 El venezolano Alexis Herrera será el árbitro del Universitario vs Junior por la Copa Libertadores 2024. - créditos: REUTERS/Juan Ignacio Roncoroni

---

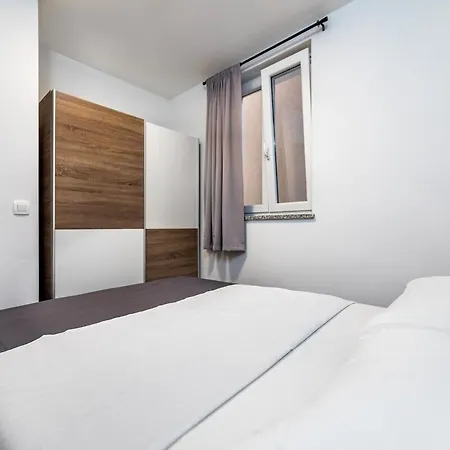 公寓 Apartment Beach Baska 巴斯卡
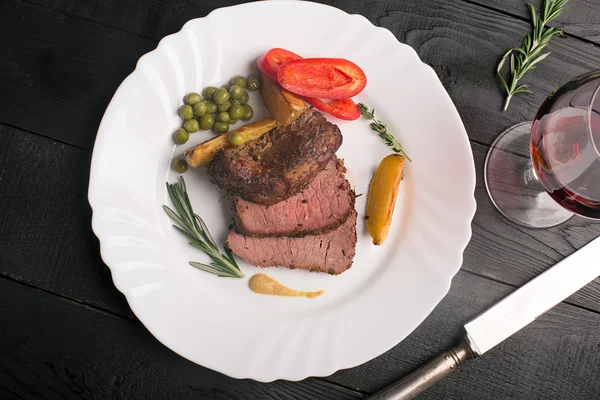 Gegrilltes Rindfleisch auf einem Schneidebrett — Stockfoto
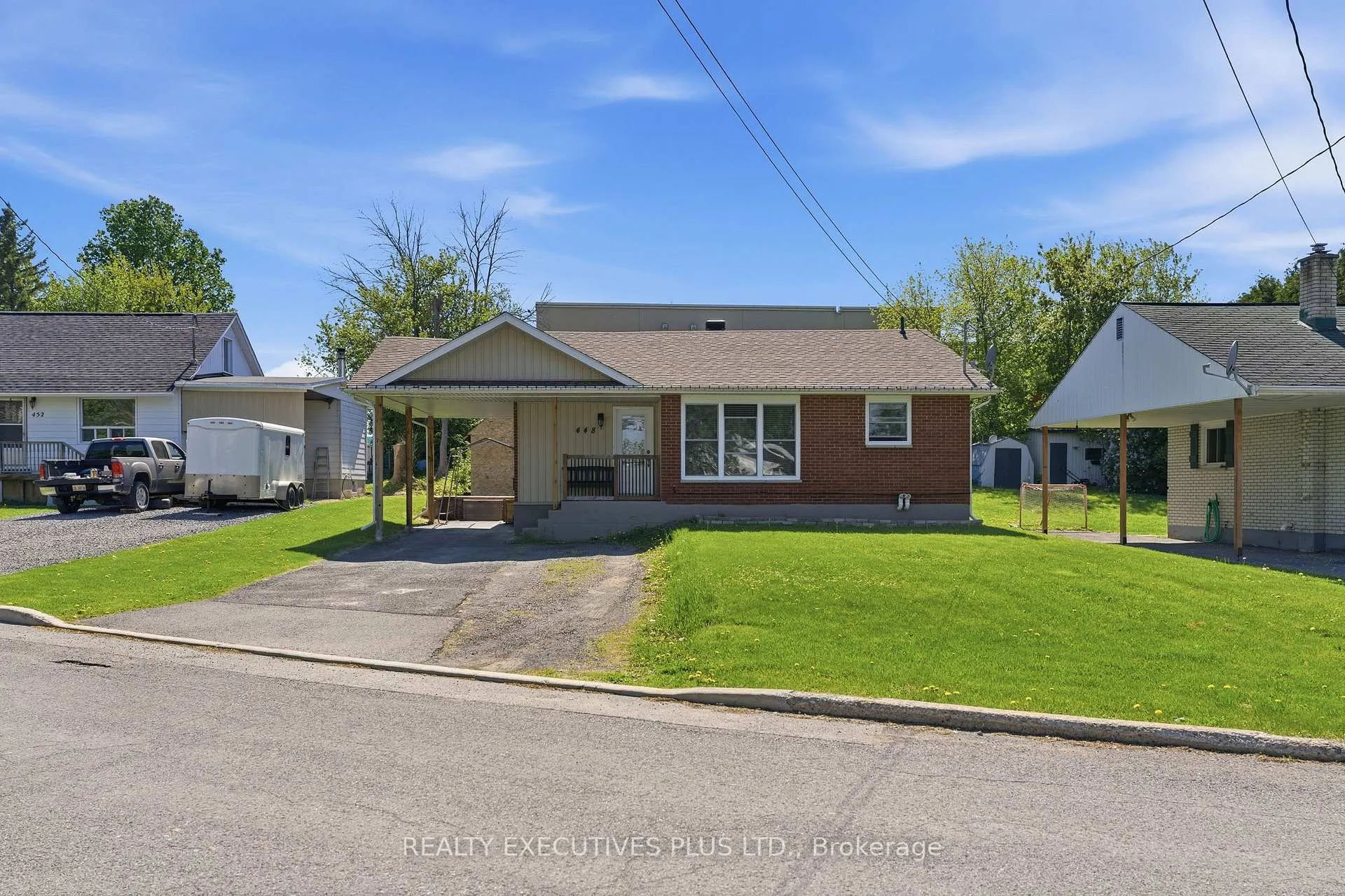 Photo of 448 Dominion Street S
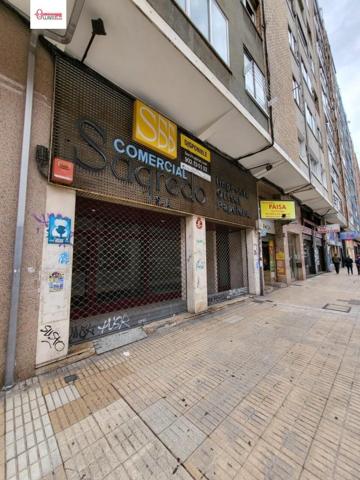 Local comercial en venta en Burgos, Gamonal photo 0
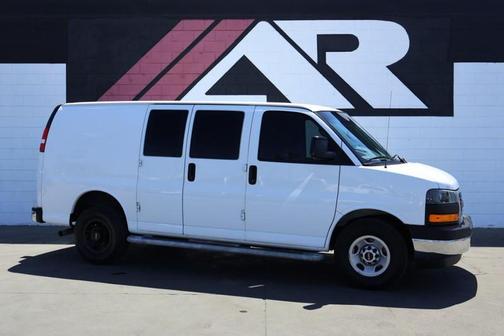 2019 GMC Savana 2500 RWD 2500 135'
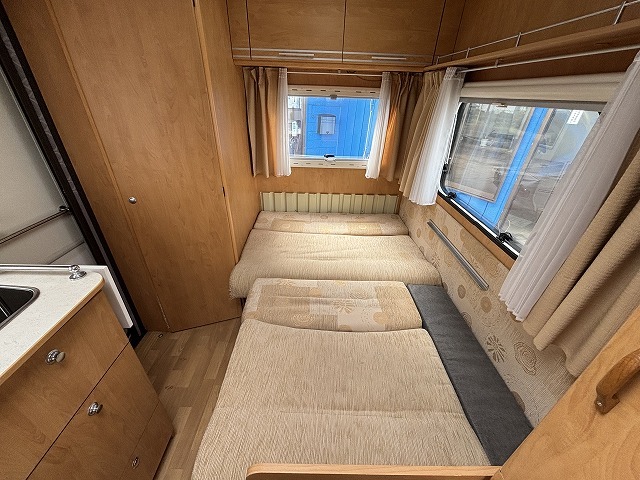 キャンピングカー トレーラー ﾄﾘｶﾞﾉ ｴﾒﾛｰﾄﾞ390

PROMPT
In the records above, everything from the line with "公寓 Apartment Beach Baska 巴斯卡" down to the line with "キャンピングカー トレーラー ﾄﾘｶﾞﾉ ｴﾒﾛｰﾄﾞ390" is to be set down exactly, both ends included, with no pictures and no other lines.

EXERCISE SOLUTION
 公寓 Apartment Beach Baska 巴斯卡
 Gegrilltes Rindfleisch auf einem Schneidebrett — Stockfoto
 Photo of 448 Dominion Street S
 Local comercial en venta en Burgos, Gamonal photo 0
 2019 GMC Savana 2500 RWD 2500 135'
 キャンピングカー トレーラー ﾄﾘｶﾞﾉ ｴﾒﾛｰﾄﾞ390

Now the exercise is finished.